The online poll also found that 34 per cent of Facebook users surveyed were spending less time on the website than six months ago, whereas only 20 per cent were spending more.
The findings underscore investors’ worries about Facebook’s money-making abilities that have pushed the stock down 29 per cent since its initial public offering last month, reducing its market value by $30-billion to roughly $74-billion.
About 44 per cent of respondents said the market debut, seen by investors as troubled, has made them less favourable toward Facebook, according to the survey. In the poll of 1,032 Americans, 21 per cent said they had no Facebook account.
Facebook’s 900 million users make it among the most popular online destinations, challenging entrenched Internet players such as Google Inc and Yahoo Inc. Not everyone is convinced the company has figured out how to translate that popularity into a business that can justify its lofty valuation.
While the survey did not ask how other forms of advertising affected purchasing behaviour, a February study by research firm eMarketer suggested Facebook fared worse than email or direct-mail marketing in terms of influencing consumers’ decisions.

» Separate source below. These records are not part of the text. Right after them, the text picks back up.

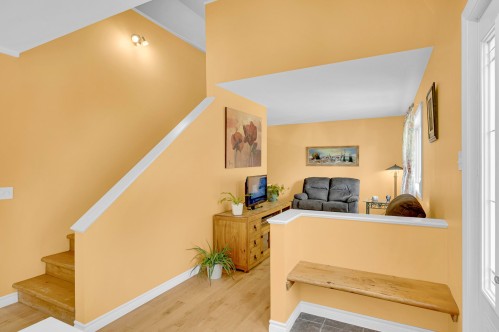 Vue d'ensemble - 2862  - 2864 1Er Rang De Doncaster, Val-David, QC 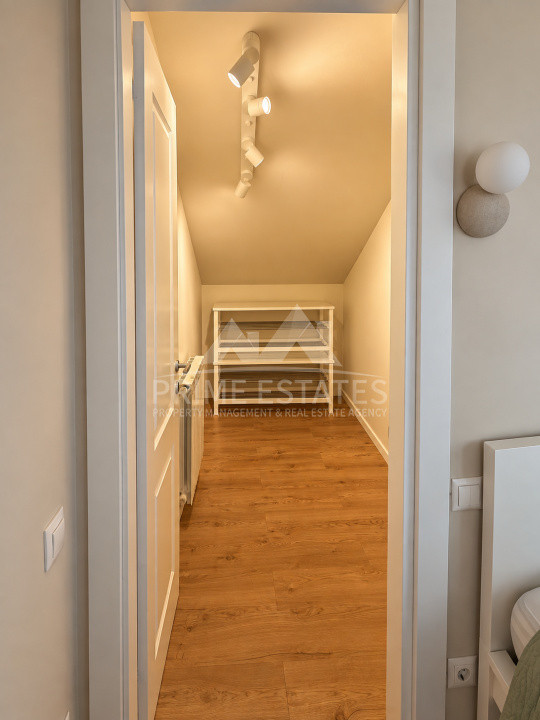 Inchiriere Apartament 3 Camere | Terasă 40 mp | Piscina – Pipera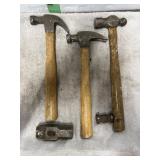 MISC HAMMERS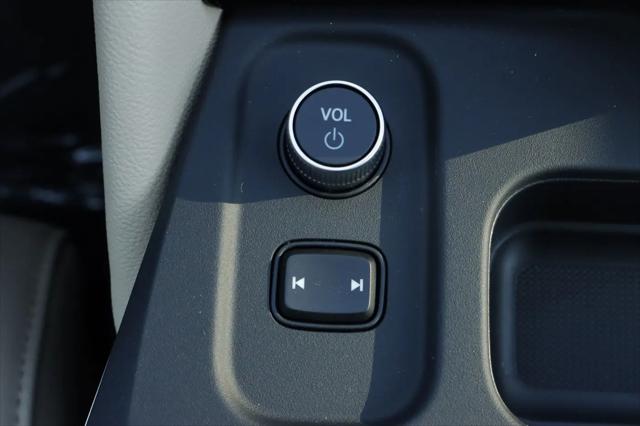 2026 Acura MDX Standard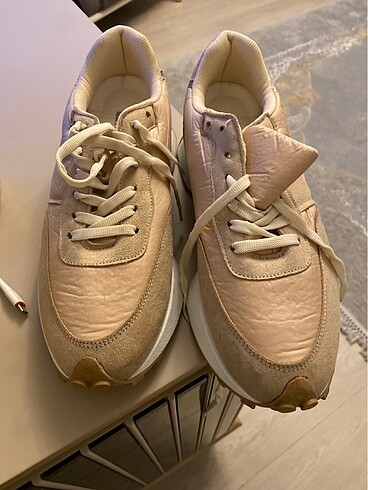 Erkek ayakkabısı - Görsel 2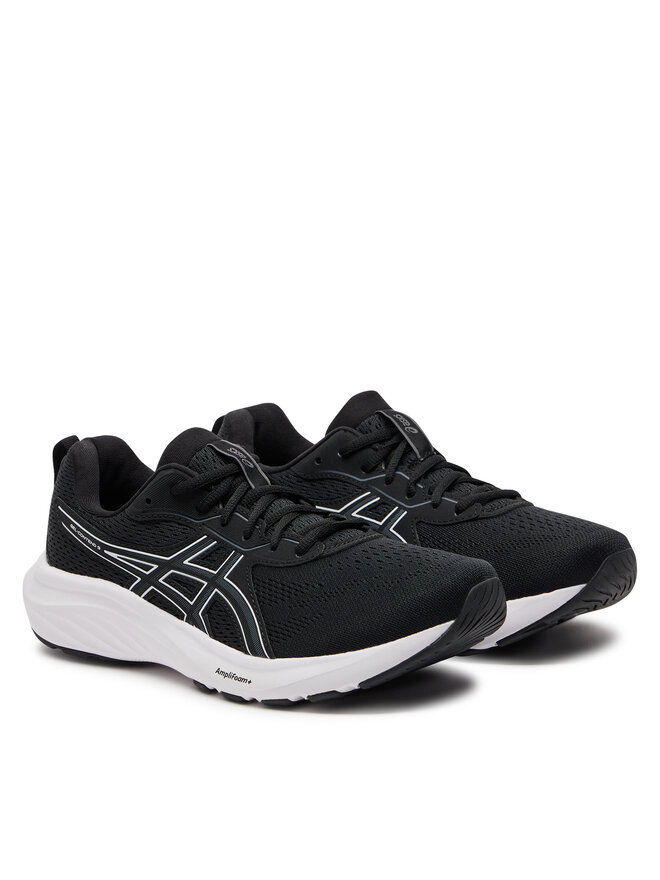 Asics Buty do biegania Asics Gel-Contend 9 1011B881 Czarny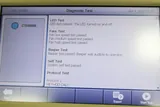 BIO-RAD C1000 Touch Thermal Cycler 96W Fast Block PCR Machine 100-240V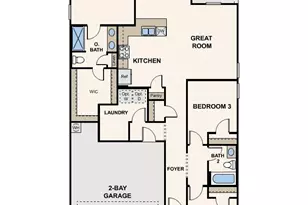 2812 Steamship Dr, Bullhead City, AZ 86429 - Photo 2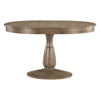 Hickory Grove Pedestal Table Set image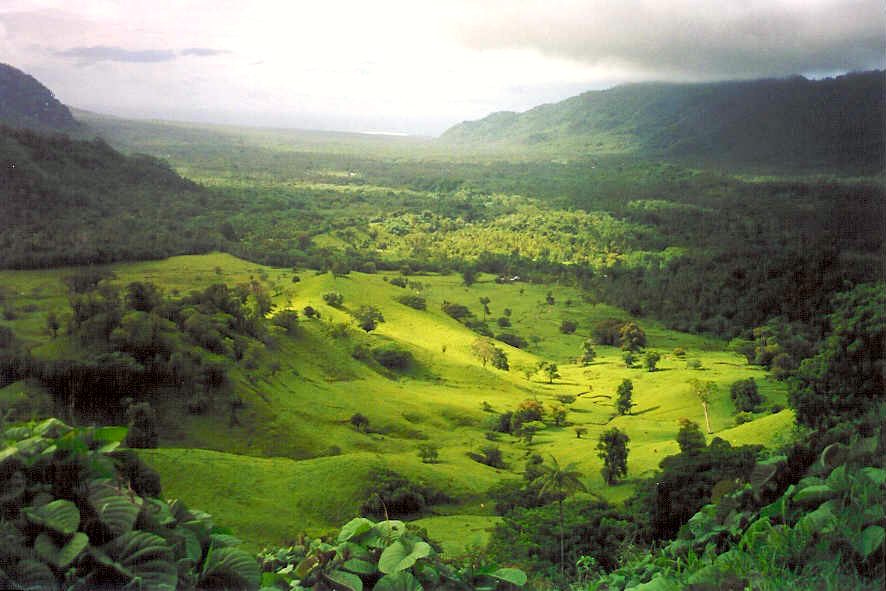 Upolu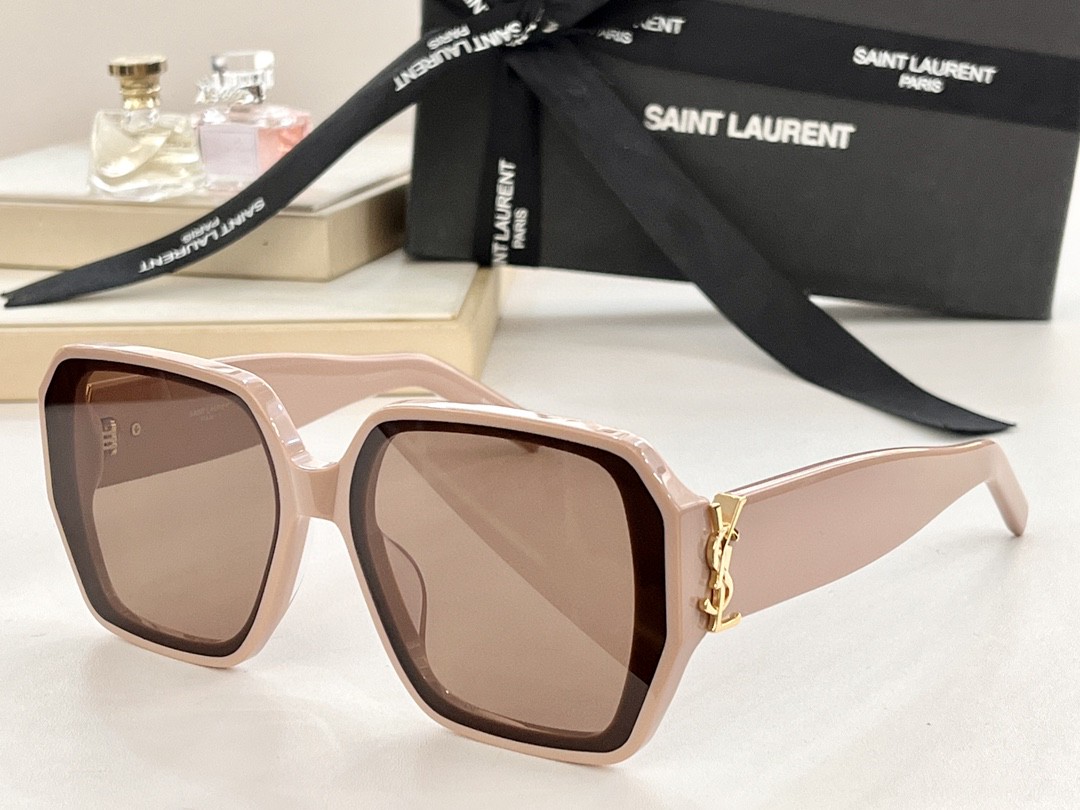 YSL Sunglasses(AAAA)-753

“It shows that Facebook has work to do in terms of making its advertising more effective and more relevant to people,” eMarketer analyst Debra Williamson said.
Those concerns were exacerbated last month when General Motors Co, the third largest advertiser in the United States, said it would stop paid advertising on Facebook.
Facebook declined to comment in detail on the survey, but referred to case studies of companies such as Nutella, which found that a 15 per cent increase in sales was attributable to Facebook, and restaurant chain Applebee’s, whose Facebook ads delivered a threefold return on investment.
Measuring the effectiveness of advertising can be tricky, particularly for brand marketing in which the goal is to influence future purchases rather than generate immediate sales.
The success of an ad campaign must be considered in relation to the product, said Steve Hasker, president of Global Media Products and Advertiser Solutions at Nielsen.
“If you are advertising Porsche motor cars and you can get 20 per cent of people to make a purchase that’s an astonishingly high conversion rate,” said Mr. Hasker.
About two out of five people polled by Reuters and Ipsos Public Affairs said they used Facebook every day. Nearly half of the Facebook users polled spent about the same amount of time on the social network as six months ago.
Keeping users coming back is crucial for all social media services, said Gartner analyst Ray Valdes.
“Facebook continuously has the challenge of Facebook fatigue, of the novelty factor wearing off, and therefore they have to introduce new kinds of interaction,” said Mr. Valdes, citing new features such as the “Timeline” interface and the planned $1-billion acquisition of mobile photo-sharing app Instagram.
The survey provides a look at the trends considered vital to Facebook’s future at a time when the company has faced a harsh reception on Wall Street.
Facebook’s $16-billion IPO, one the world’s largest, made the U.S. company founded by Mark Zuckerberg the first to debut on markets with a capitalization of more than $100-billion.
Its coming out-party, which culminated years of breakneck growth for the social and business phenomenon, was marred by trading glitches on the Nasdaq exchange. A decision to call some financial analysts ahead of the IPO and caution them about weakness in its business during the second quarter has triggered several lawsuits against Facebook and its underwriters.
Forty-six per cent of survey respondents said the Facebook IPO had made them less favorable towards investing in the stock market in general.
While Facebook generated $3.7-billion in revenue last year, mostly from ads on its website, sales growth is slowing.
Consumers’ increasing use of smartphones to access Facebook has been a drag on the company’s revenue. It offers only limited advertising on the mobile version of its site and analysts say the company has yet to figure out the ideal way to make money from mobile users.
Facebook is still perfecting the effectiveness of its ads, said Gartner’s Mr. Valdes. But he said he was surprised that the comments posted on the website from Facebook users’ friends were also only responsible for 20 per cent of users making a purchase.
“Comments and recommendations from friends on Facebook do carry a lot of weight, so I’m surprised by the number,” he said.
The most frequent Facebook users are aged 18 to 34, according to the survey, with 60 per cent of that group being daily users. Among people aged 55 years and above, 29 per cent said they were daily users.
Of the 34 per cent spending less time on the social network, their chief reason was that the site was “boring,” “not relevant” or “not useful.” Privacy concerns ranked third.
The survey has a “credibility interval” of plus or minus 3.5 percentage points.